E Farley, A Stewart, M-A Davies, M Govind, D van den Bergh, T H Boyles

Abstract


Background. Antibiotic resistance (ABR) is a major threat to global health, driven in part by inappropriate prescription of antibiotics in primary care.

Objectives. To describe South African (SA) prescribers’ knowledge of, attitudes to and perceptions of ABR.

Methods. We conducted a cross-sectional survey of knowledge of, attitudes to and perceptions of ABR among a convenience sample of primary healthcare providers in SA, the majority from the private sector.
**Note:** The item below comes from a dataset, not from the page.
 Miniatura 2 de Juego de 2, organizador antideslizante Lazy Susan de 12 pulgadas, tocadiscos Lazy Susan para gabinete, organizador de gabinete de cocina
We used logistic regression to examine associations between knowledge and prescribing behaviours.

Results. Of 264 prescriber respondents, 95.8% (230/240) believed that ABR is a significant problem in SA and 66.5% (157/236) felt pressure from patients to prescribe antibiotics. The median knowledge score was 5/7, and scores were highest in respondents aged <55 years (p=0.0001). Prescribers with higher knowledge scores were more likely than those with lower scores to believe that to decrease ABR, narrow-spectrum antibiotics should be used (adjusted odds ratio (aOR) 1.29, 95% confidence interval (CI) 1 - 1.65) and more likely to report that explaining disease features that should prompt follow-up was a useful alternative to prescribing (aOR 1.47, 95% CI 1.058 - 2.04), and were less likely to report that antibiotics cannot harm the patient if they are not needed, so they prescribe when not necessary (aOR 0.57, 95% CI 0.38 - 0.84).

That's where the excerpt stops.